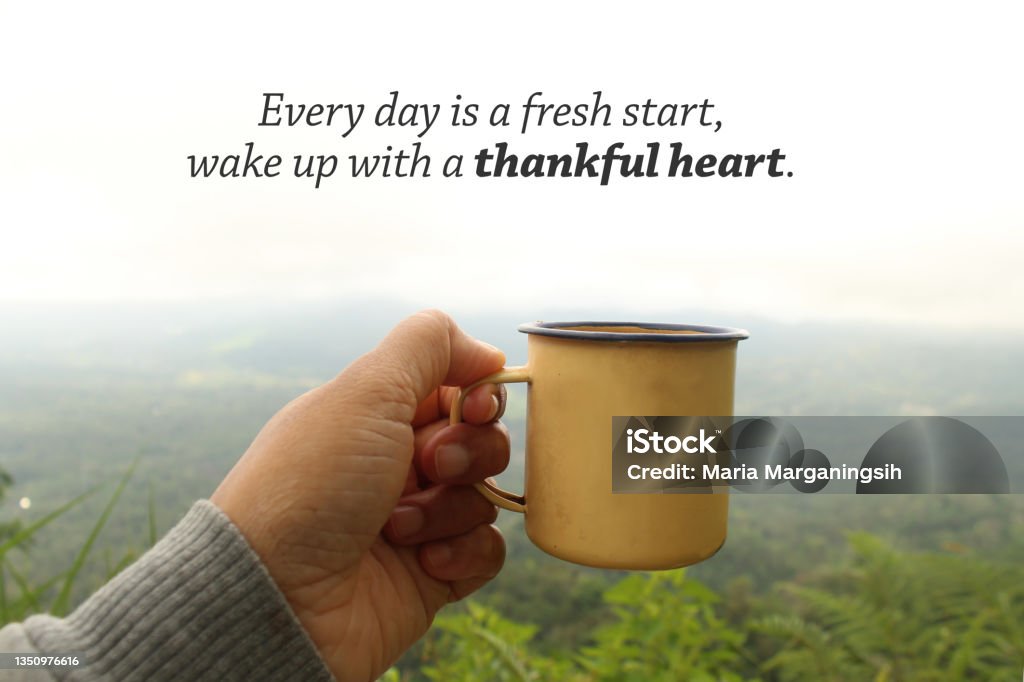 Person holding yellow cup of tea or coffee in hand against mountain view with a morning thankful inspirational message. Grateful inspirational quote - Every day is a fresh start, wake up with a thank heart. Hand holding tea or coffee cup on foggy mountain background in a misty morning. Morning relax with tea outdoor. Inspirational Quote Stock Photo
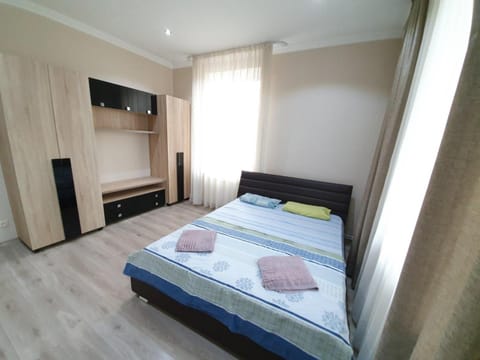 Bed, Photo of the whole room, Bedroom, towels, wardrobe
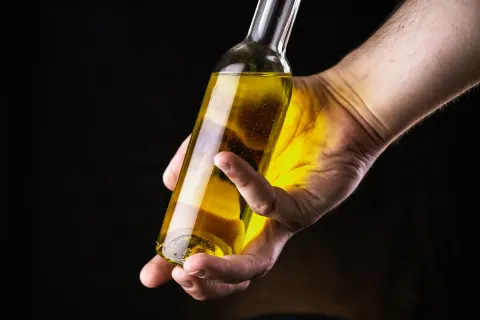 Main tenant une bouteille d'huile d'olive dorée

## PROBLEM DETAILS
The copy must begin with the line containing "Bed, Photo of", end with the last line of the material, match each line exactly, and hold no pictures.

## ANSWER TO THE PROBLEM
 Bed, Photo of the whole room, Bedroom, towels, wardrobe
 Main tenant une bouteille d'huile d'olive dorée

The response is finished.